1. Cu₃NbSe₄A nanomaterial characterized in that the nanomaterial has a molecular formula of Cu₃NbSe₄The crystal form is cubic phase; the micro appearance of the nano material is a nano-scale cube.

2. Cu according to claim 1₃NbSe₄Nanomaterial characterized in that the Cu₃NbSe₄The nano material is in a monodisperse state.

3. Cu according to claim 1 or 2₃NbSe₄Nanomaterial characterized in that the Cu₃NbSe₄The size of the nano material is 15-25 nm.

4. Cubic phase Cu₃NbSe₄The preparation method of the nano material is characterized by comprising the following steps:

(1) carrying out deoxidization and dehydration treatment on an organic solvent containing a soluble copper source, a niobium source and a selenium source, and then carrying out solvothermal reaction;

(2) and separating out a solid product obtained by the solvothermal reaction to obtain the catalyst.

5. Cubic phase Cu according to claim 4₃NbSe₄The preparation method of the nano material is characterized in that in the step (1), the ratio of Cu: nb: the molar ratio of Se is 3:1: 4-8 in sequence.

6. Cubic phase Cu according to claim 4₃NbSe₄The preparation method of the nano material is characterized in that in the step (1), the copper source is selected from one or more of cuprous chloride, cuprous bromide, copper acetylacetonate, cupric chloride or cupric acetate;

or, in the step (1), the niobium source is selected from one or two of niobium pentachloride and niobium oxalate;

or, in the step (1), the selenium source is selected from one or more of diphenyl diselenide, selenium powder, dibenzyl diselenide or selenium dioxide.

7. Cubic phase Cu according to claim 4₃NbSe₄The preparation method of the nano material is characterized in that in the step (1), the organic solvent is selected from organic amine; preferably, the organic amine is selected from one or more of oleylamine, hexadecylamine or octadecylamine.
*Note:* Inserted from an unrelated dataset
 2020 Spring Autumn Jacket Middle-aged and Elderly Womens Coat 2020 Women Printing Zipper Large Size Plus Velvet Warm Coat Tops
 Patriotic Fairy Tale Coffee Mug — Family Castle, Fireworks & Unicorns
8. Cubic phase Cu according to claim 4₃NbSe₄The preparation method of the nano material is characterized in that in the step (1), the copper source, the niobium source and the selenium source are added into a reaction medium under the condition of oxygen isolation, then are uniformly mixed, and then are heated to 100-150 ℃ to react for 30-60 min.
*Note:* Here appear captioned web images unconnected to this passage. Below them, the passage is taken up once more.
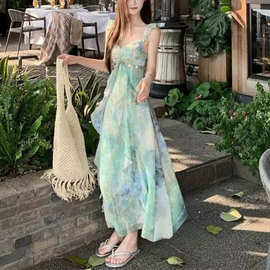 超仙甜美粉色纱裙女夏季气质蕾丝拼接吊带连衣裙收腰包臀鱼尾长裙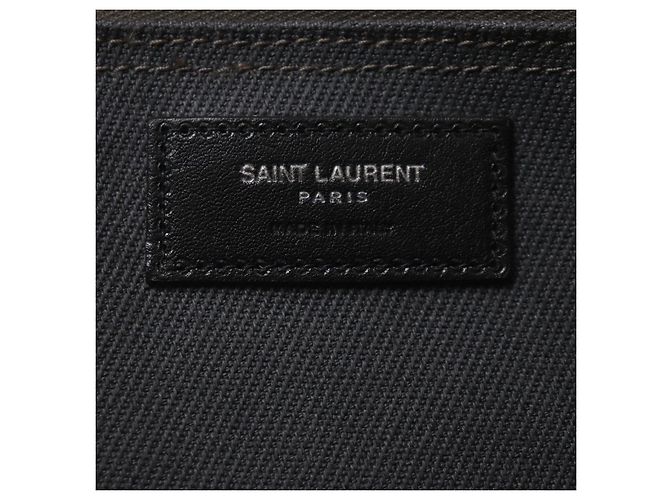 Yves Saint Laurent Bolsa tote de lona e couro Saint Laurent Paris Rive Gauche N/S Preto Cinza Cinza antracite - vista 10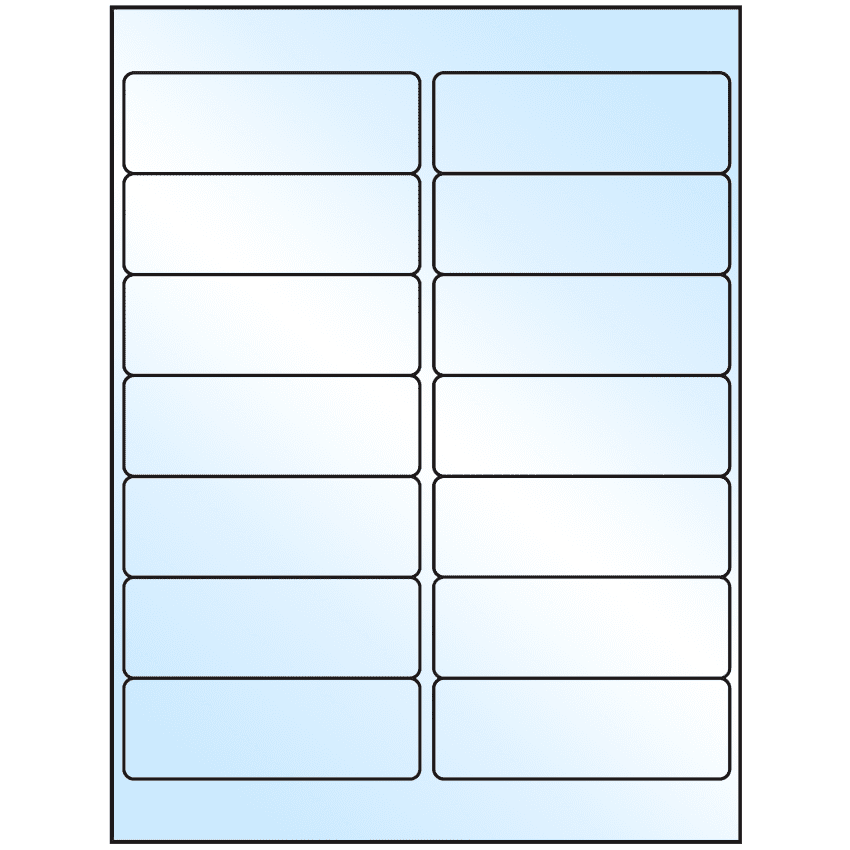 4" x 1.33" White Premium High Gloss Rectangular Sheet Labels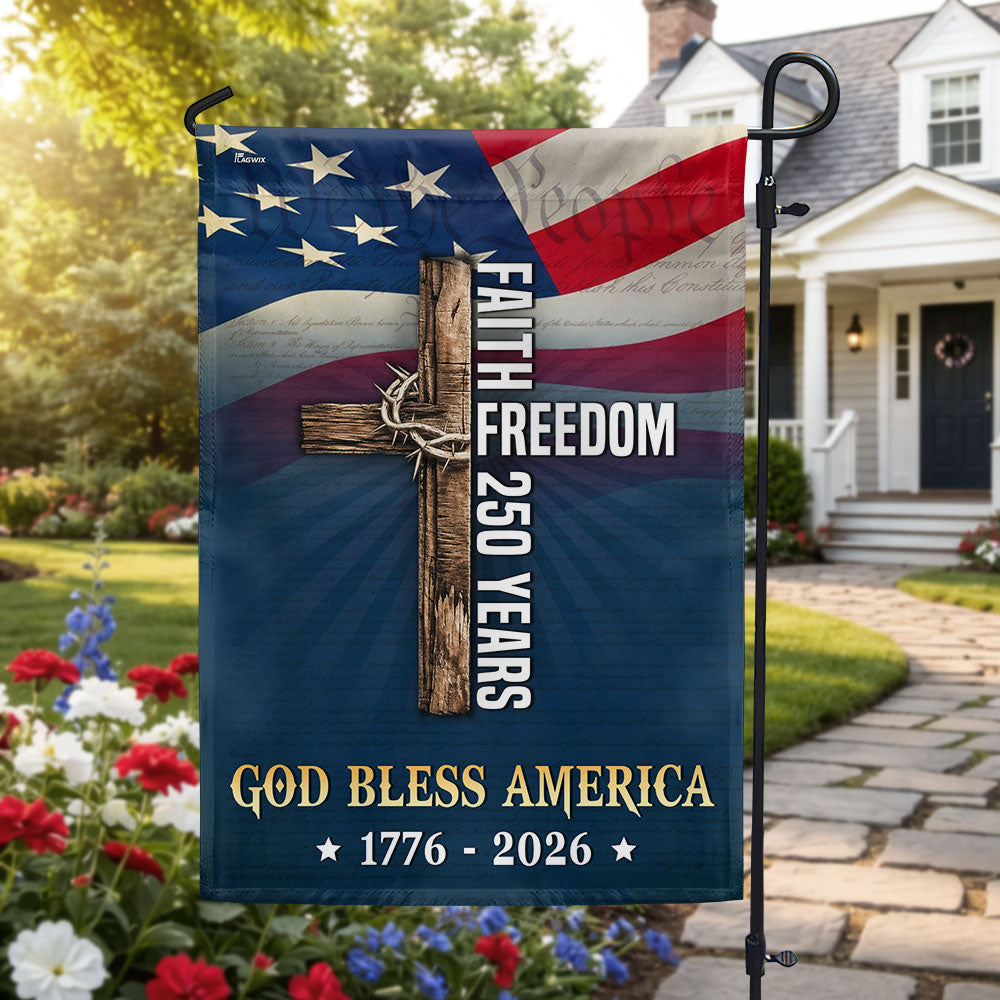 Christian Cross Flag, God Bless America Faith Freedom 250 Years US Flag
9. Cubic phase Cu according to claim 4₃NbSe₄The preparation method of the nano material is characterized in that in the step (1), the solvothermal temperature is kept between 270 and 310 ℃, and the reaction time is controlled between 5 and 120 min;

preferably, in the step (2), solid matters in the reaction solution are separated by centrifugation or filtration, and the centrifuged solid product is washed by a mixed solution of absolute ethyl alcohol and chloroform to obtain the target product.

10. Cu according to any of claims 1 to 3₃NbSe₄Nanomaterial and/or cubic phase Cu obtainable by the preparation process according to any one of claims 4 to 9₃NbSe₄The application of the nano material in the photovoltaic, thermoelectric or photoelectric field.

Technical Field

The invention belongs to Cu₃NbSe₄The technical field of preparation, in particular to cubic phase Cu₃NbSe₄A nano material and a preparation method and application thereof.

Background

The information in this background section is disclosed to enhance understanding of the general background of the invention and is not necessarily to be construed as an admission or any form of suggestion that this information forms part of the prior art already known to a person of ordinary skill in the art.
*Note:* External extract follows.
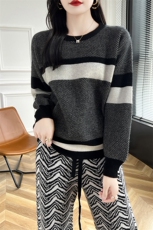 女士秋冬保暖羊毛衫羊毛圆领条纹，女装羊毛衫，蒙莲贝斯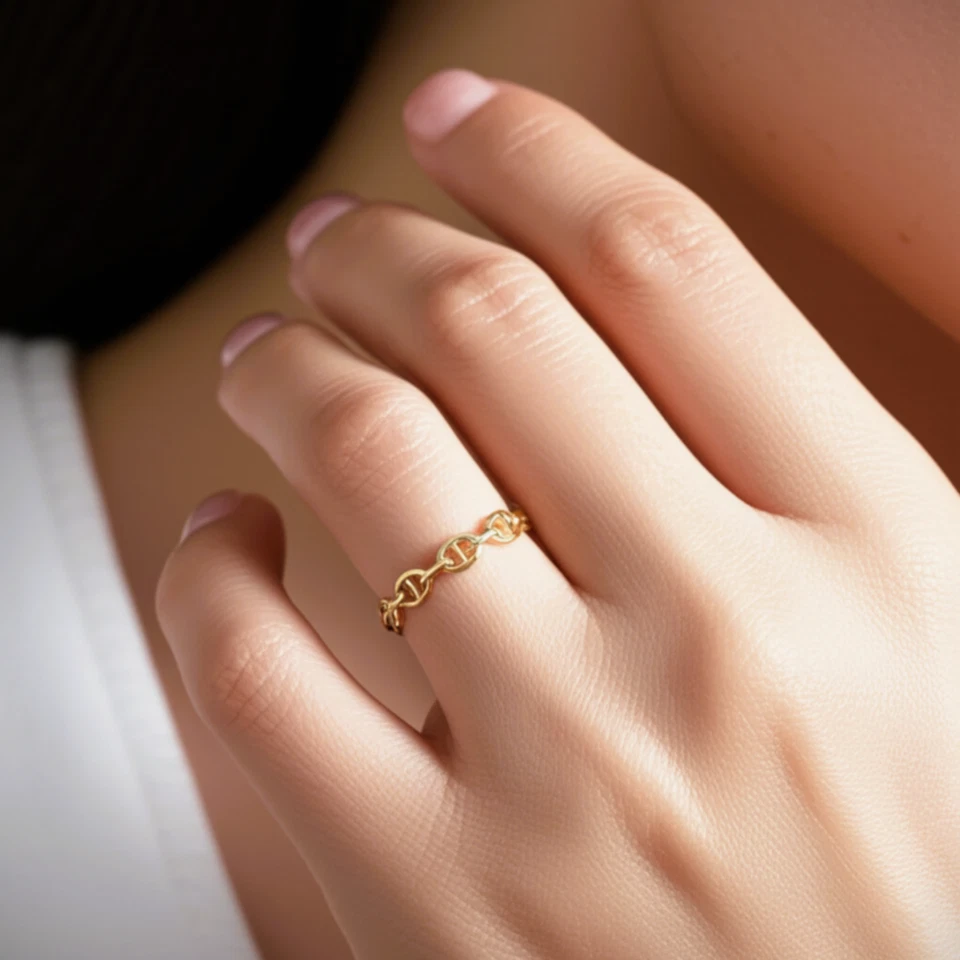 14K Real Solid Yellow Gold Dainty Mariner Link Minimalist Chain Band Ring - Image 2 of 4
Solar energy has been considered by researchers as the first choice for replacing fossil energy as a clean and sustainable energy source. The functional nano material with photoelectric characteristics can convert optical signals into electric signals, and has wide application prospects in the fields of solar cells, photodetectors, biosensors, field effect transistors and the like.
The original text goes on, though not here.